INSTRUCTIONS TO FOLLOW:
Examine each line of the listing below. Copy those in which the string "Wireless" appears.

DATA PROVIDED:

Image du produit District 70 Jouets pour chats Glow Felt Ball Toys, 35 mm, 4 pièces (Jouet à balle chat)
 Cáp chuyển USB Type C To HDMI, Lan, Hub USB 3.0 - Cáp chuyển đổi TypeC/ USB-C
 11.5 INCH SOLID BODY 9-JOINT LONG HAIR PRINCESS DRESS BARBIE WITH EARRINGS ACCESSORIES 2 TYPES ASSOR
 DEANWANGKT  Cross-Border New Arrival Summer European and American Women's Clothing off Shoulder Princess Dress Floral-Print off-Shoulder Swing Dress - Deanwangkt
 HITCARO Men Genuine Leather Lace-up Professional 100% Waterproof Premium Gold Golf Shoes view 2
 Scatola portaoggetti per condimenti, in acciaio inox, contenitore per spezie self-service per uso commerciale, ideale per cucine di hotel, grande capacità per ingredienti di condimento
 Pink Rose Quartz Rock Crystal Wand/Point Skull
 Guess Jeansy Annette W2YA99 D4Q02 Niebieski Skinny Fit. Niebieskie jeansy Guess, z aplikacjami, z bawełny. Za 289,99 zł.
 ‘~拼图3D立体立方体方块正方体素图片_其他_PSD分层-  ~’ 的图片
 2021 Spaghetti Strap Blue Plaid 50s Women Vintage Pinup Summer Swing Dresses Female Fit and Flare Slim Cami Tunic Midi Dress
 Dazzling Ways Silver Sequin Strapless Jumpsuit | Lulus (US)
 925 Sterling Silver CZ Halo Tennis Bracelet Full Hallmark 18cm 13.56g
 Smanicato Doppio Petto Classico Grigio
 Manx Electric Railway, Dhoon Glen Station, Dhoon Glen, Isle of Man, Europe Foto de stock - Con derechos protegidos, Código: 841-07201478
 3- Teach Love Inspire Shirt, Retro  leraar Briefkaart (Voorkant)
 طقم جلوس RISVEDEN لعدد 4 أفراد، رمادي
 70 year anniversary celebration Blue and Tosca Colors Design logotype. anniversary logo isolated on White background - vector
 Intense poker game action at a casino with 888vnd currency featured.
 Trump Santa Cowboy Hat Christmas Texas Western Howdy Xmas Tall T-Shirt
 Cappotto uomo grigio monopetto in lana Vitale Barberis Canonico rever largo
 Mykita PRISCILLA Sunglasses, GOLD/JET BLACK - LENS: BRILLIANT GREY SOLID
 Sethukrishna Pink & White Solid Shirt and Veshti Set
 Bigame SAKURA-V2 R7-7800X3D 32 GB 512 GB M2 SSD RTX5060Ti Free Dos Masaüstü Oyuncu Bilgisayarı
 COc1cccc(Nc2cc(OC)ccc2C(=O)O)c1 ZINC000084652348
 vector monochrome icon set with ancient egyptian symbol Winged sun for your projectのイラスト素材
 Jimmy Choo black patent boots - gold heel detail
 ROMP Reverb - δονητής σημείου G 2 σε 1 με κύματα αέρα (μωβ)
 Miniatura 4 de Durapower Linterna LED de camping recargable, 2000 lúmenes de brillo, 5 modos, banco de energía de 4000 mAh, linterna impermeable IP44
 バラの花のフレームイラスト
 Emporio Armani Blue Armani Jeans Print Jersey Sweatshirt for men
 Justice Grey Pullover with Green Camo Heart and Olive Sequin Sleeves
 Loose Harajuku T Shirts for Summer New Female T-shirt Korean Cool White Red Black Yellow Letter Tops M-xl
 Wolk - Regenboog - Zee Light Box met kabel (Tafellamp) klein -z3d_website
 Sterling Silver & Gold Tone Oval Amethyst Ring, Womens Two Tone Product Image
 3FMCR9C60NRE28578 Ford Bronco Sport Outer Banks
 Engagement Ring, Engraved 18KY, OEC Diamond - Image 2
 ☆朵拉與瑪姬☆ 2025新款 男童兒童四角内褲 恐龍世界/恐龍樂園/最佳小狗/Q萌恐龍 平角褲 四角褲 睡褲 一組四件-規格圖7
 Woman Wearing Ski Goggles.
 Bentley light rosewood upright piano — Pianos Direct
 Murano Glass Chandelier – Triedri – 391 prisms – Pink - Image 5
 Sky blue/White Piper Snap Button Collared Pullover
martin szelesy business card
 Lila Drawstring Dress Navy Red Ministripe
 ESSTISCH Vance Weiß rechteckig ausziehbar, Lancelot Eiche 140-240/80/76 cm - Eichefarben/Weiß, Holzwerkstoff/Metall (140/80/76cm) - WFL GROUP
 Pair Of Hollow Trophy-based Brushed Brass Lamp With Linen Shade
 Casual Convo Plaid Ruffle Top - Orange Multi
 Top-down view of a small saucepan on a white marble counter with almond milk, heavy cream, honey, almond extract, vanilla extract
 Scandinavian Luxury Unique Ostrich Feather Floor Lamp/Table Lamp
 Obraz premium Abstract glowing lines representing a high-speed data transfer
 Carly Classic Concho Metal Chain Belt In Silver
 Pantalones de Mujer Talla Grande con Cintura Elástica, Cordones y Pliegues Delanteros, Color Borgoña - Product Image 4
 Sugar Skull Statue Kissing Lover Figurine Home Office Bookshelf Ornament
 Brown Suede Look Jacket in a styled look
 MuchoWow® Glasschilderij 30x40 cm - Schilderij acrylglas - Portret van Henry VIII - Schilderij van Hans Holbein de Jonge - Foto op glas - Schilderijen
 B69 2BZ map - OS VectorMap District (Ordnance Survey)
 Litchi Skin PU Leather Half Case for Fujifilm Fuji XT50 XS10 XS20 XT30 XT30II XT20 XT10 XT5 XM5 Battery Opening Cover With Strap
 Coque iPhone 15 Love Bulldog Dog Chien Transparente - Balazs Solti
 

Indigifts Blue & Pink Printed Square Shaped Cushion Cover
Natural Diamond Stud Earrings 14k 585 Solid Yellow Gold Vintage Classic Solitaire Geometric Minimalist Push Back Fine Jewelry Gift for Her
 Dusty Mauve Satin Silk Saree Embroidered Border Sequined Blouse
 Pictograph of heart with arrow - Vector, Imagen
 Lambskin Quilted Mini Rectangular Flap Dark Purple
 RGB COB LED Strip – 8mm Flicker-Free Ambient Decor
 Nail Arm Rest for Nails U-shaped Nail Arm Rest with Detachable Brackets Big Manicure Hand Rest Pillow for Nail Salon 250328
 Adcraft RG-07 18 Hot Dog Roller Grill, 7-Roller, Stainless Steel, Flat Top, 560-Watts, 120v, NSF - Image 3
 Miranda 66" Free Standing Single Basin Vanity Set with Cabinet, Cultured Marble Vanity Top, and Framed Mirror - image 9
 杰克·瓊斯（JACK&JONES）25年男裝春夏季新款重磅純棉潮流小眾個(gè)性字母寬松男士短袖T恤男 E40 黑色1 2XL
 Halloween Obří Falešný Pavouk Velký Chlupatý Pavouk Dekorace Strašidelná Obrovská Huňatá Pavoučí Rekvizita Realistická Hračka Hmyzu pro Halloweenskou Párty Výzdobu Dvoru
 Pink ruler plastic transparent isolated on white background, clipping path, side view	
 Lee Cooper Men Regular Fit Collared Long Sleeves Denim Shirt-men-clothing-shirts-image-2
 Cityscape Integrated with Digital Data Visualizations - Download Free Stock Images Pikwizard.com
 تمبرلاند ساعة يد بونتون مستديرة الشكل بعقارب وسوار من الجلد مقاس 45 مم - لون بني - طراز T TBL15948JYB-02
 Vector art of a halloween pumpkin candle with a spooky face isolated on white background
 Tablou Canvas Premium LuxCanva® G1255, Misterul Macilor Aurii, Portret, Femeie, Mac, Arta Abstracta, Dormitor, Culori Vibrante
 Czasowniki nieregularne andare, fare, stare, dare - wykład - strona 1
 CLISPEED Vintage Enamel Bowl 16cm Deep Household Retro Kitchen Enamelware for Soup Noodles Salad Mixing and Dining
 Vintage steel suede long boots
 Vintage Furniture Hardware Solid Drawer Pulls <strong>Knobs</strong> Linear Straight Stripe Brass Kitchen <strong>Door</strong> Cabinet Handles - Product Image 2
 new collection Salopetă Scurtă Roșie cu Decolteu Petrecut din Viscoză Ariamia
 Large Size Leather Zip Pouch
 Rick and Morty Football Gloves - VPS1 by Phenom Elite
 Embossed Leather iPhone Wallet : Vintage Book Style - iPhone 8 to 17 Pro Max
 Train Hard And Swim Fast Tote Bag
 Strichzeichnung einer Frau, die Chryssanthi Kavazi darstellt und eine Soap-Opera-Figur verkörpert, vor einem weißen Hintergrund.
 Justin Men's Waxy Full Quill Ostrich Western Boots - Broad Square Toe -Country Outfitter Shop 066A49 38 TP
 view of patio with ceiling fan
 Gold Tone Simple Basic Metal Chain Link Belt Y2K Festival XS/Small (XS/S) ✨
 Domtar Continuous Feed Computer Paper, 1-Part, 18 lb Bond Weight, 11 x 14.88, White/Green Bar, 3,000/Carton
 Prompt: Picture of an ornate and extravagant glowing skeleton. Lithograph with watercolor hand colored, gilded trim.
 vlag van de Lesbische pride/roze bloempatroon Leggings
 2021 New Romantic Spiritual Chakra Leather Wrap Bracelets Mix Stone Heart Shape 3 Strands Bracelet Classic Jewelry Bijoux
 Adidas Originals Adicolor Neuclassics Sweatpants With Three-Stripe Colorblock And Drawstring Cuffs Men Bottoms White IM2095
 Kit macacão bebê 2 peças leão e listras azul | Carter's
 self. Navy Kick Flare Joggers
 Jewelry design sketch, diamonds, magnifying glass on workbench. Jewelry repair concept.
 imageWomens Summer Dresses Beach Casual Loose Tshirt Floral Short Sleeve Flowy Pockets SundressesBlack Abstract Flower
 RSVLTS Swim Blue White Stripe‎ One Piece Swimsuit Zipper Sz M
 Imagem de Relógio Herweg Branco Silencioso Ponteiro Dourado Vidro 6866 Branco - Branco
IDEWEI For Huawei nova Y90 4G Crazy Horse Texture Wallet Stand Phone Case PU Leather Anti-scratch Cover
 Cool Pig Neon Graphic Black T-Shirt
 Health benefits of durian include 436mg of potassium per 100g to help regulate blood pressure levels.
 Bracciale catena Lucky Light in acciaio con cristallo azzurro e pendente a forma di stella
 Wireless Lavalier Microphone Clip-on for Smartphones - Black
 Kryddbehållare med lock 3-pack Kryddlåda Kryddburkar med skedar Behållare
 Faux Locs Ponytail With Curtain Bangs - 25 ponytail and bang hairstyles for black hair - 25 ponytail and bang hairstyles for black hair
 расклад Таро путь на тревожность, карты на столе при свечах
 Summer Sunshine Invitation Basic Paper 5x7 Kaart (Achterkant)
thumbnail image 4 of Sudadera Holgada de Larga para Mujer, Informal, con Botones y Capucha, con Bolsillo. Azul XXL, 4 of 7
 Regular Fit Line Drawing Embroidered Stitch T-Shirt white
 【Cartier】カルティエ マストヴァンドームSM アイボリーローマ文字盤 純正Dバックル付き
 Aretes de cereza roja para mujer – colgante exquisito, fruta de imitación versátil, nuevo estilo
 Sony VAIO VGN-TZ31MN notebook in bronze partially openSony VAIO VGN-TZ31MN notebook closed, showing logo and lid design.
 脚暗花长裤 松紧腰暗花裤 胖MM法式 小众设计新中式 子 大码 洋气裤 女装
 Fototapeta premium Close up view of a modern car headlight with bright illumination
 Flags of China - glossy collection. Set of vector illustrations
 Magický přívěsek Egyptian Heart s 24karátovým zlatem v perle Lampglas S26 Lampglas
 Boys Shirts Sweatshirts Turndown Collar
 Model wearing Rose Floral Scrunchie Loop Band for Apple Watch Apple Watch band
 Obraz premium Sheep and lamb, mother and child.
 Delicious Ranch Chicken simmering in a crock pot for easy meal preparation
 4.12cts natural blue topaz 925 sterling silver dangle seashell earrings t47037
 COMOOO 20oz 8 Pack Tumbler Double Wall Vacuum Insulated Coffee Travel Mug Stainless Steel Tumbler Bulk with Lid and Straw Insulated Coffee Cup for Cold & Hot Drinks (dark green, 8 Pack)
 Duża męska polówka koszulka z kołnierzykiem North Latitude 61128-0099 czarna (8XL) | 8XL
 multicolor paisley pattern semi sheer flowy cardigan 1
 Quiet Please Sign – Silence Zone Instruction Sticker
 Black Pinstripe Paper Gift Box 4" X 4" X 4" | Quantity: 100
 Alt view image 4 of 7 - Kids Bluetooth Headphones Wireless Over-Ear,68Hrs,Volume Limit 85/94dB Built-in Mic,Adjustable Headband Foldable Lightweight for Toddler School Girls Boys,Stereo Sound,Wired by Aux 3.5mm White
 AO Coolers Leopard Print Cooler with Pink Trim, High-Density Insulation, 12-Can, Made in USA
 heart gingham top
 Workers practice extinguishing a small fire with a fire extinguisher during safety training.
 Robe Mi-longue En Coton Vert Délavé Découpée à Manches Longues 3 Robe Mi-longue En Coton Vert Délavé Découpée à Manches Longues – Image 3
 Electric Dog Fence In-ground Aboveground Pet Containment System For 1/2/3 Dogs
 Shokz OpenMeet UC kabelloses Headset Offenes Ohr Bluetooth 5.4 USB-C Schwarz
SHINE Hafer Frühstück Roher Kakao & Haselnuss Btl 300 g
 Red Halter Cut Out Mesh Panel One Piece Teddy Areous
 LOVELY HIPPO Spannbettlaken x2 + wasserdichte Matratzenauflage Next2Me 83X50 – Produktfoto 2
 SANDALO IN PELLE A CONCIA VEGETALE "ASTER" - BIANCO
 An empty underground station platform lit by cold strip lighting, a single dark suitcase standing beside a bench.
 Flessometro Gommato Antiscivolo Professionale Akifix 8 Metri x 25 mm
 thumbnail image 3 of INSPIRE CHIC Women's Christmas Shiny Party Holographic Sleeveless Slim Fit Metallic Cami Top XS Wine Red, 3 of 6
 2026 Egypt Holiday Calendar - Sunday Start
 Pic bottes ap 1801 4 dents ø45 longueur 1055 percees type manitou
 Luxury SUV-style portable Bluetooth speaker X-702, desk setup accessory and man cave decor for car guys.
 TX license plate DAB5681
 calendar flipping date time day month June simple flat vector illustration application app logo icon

SOLUTION TO THE PROBLEM:
 Wireless Lavalier Microphone Clip-on for Smartphones - Black
 Alt view image 4 of 7 - Kids Bluetooth Headphones Wireless Over-Ear,68Hrs,Volume Limit 85/94dB Built-in Mic,Adjustable Headband Foldable Lightweight for Toddler School Girls Boys,Stereo Sound,Wired by Aux 3.5mm White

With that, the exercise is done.